Gender neutral language requires a more complicated change, because it changes grammar. “Kalinad” is a noun, and it doesn’t really change the rules you learned in school. It fits into the schema easily. “Ze,” “zer,” and the singular “they,” on the other hand, are grammatical words. They need some way to fit into the rules you learn in elementary school—which are often the hardest for people to accept changes to.
Thus, Sarlo and Kalinowski agree that gender neutral language must be an intentional change. It can’t happen just by accident, because—especially in Spanish, where it pervades much more than in English—it is tied to basic rules of writing and speaking. We don’t think about those rules much, but we are reluctant to accept changes to them. That sort of change often takes centuries to really take effect.

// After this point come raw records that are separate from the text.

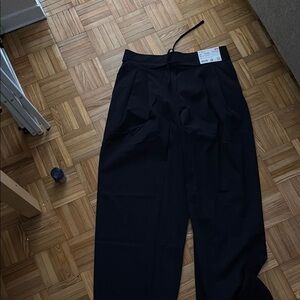 Uniqlo Black Dress Jumpsuit with Timeless Style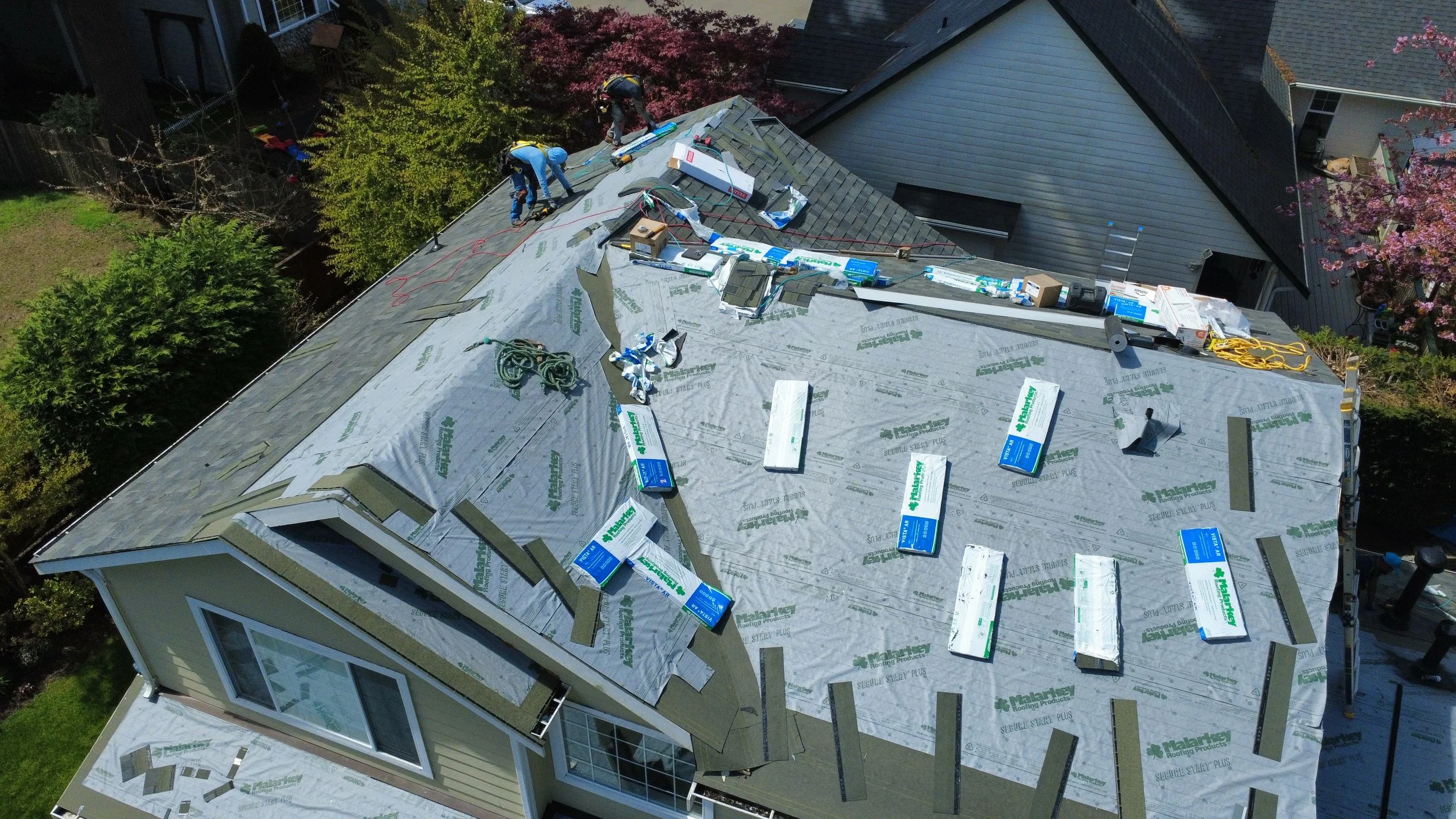 An aerial view of a house's roof under construction with workers installing new roofing materials. The roof is covered with underlayment and some shingles are partially installed, with tools and materials scattered around.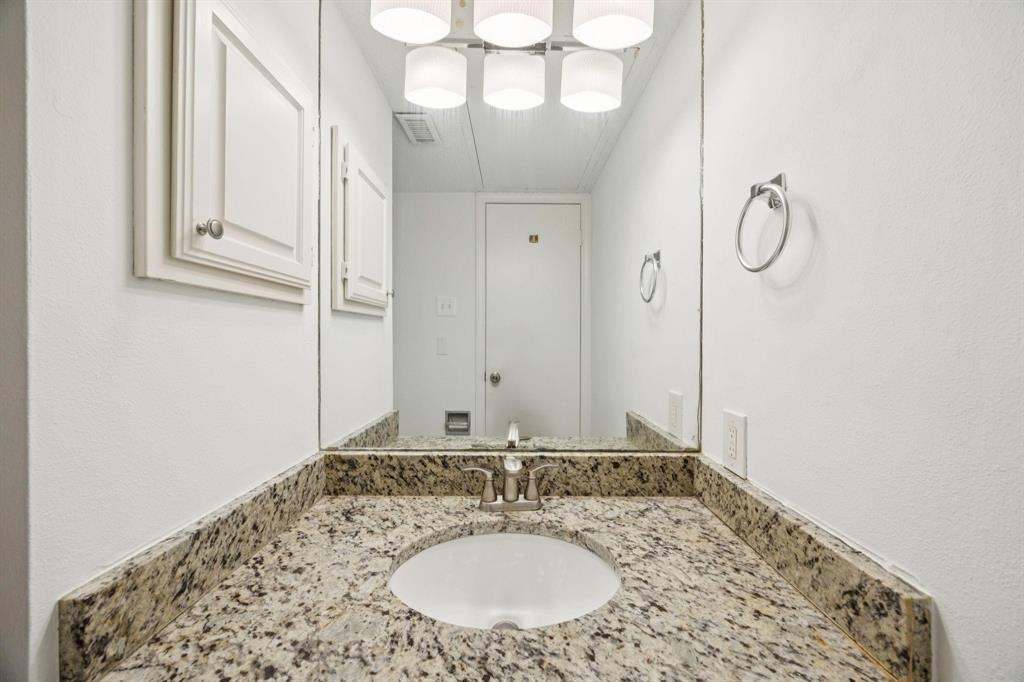 18240 Midway Road, Unit 904 Dallas, TX 75287 - Photo 13 of 26 a bathroom with a granite countertop sink and a mirror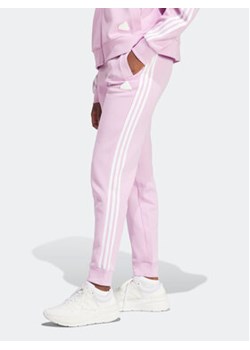 adidas Spodnie dresowe Future Icons 3-Stripes IM2546 Różowy Regular Fit ze sklepu MODIVO w kategorii Spodnie damskie - zdjęcie 168626262
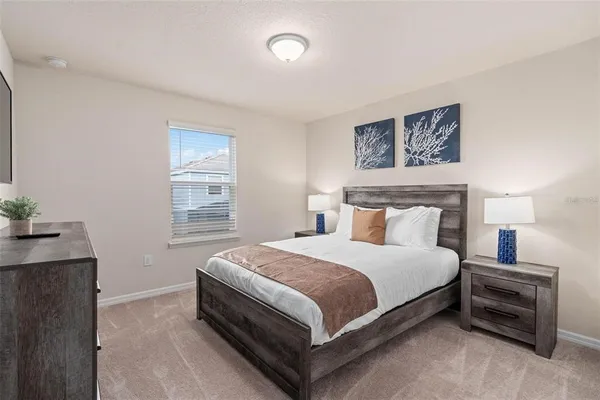 a bedroom with two beds and a window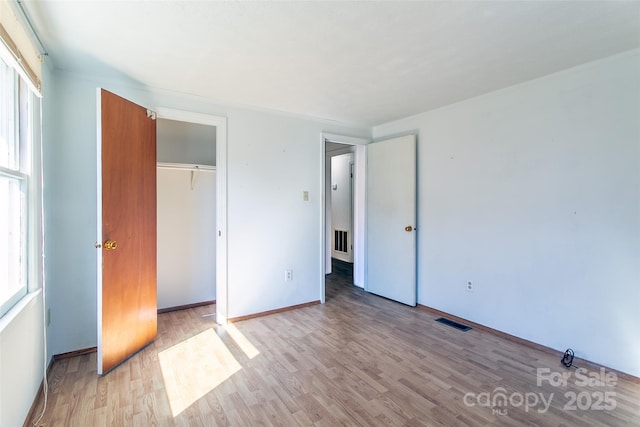 unfurnished bedroom with light wood-style flooring, multiple windows, and visible vents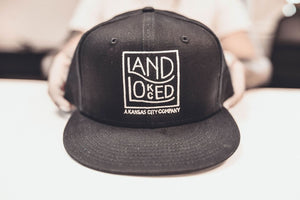 Landlocked Logo Snapback Hat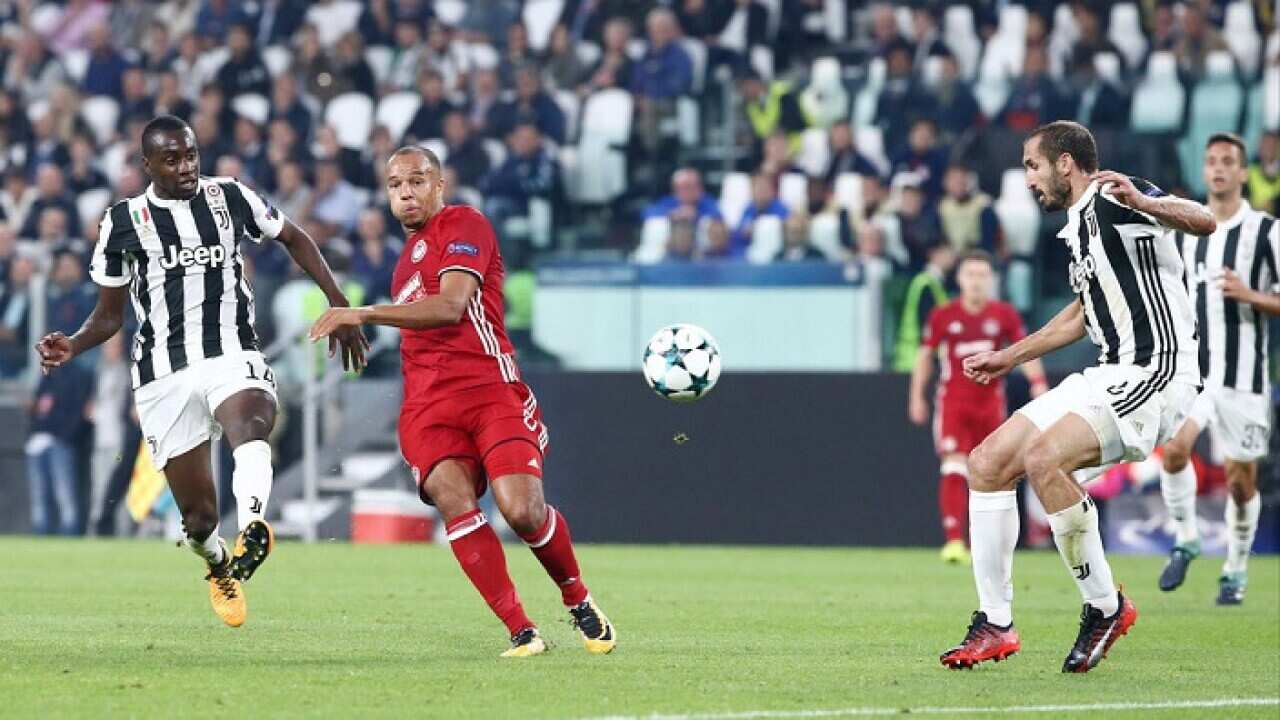 Juventus beats Olympiakos 2-0 to advance in Champions League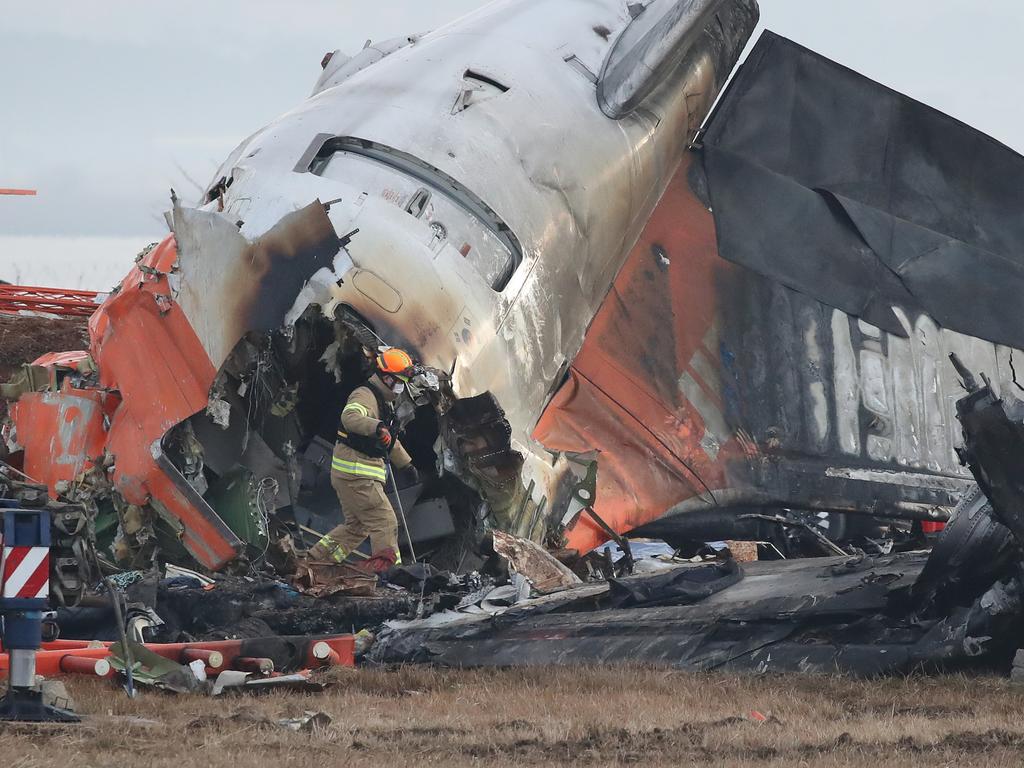 The catastrophic destruction of the plane was caused by it hitting a barrier with experts questioning why it was on the runway. Picture: Chung Sung-Jun/Getty Images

In Spanish, the solution is more agreed upon than in English. They would add an e instead of the o or a on gendered words. For example, they would say: “Espero que todes estén contentes.” It can be written in various ways, such as todxs or tod@s, but it’s always pronounced as todes.
However, more agreement on the system doesn’t not make it less contentious. As in English, it must be argued for and explained. University students in Argentina actually got together and decided to write disclaimers at the beginnings of their papers to explain the system, saying how it is the style they are using and they should not be docked for writing badly when they are simply trying to be inclusive. Responding to the university students’ defense, Kalinowski said he could not dock students’ grades if they chose to use gender neutral language.
We must have grace with those who do and do not use these terms, because there is much that goes into the choice beyond ideology. All the methods used in English (i.e. new pronouns, singular “they,” and rewording) have their uses, and it is good to know when to use each one. In different situations, different words communicate best.
I hope that the introduction of gender neutral language isn’t just a kalinad. Not everyone finds it necessary in their experience, but it can help with acceptance of minorities like women and trans people. As they call it in Spanish, it is inclusive language (lenguaje inclusivo) and really does help us accept and respect people better.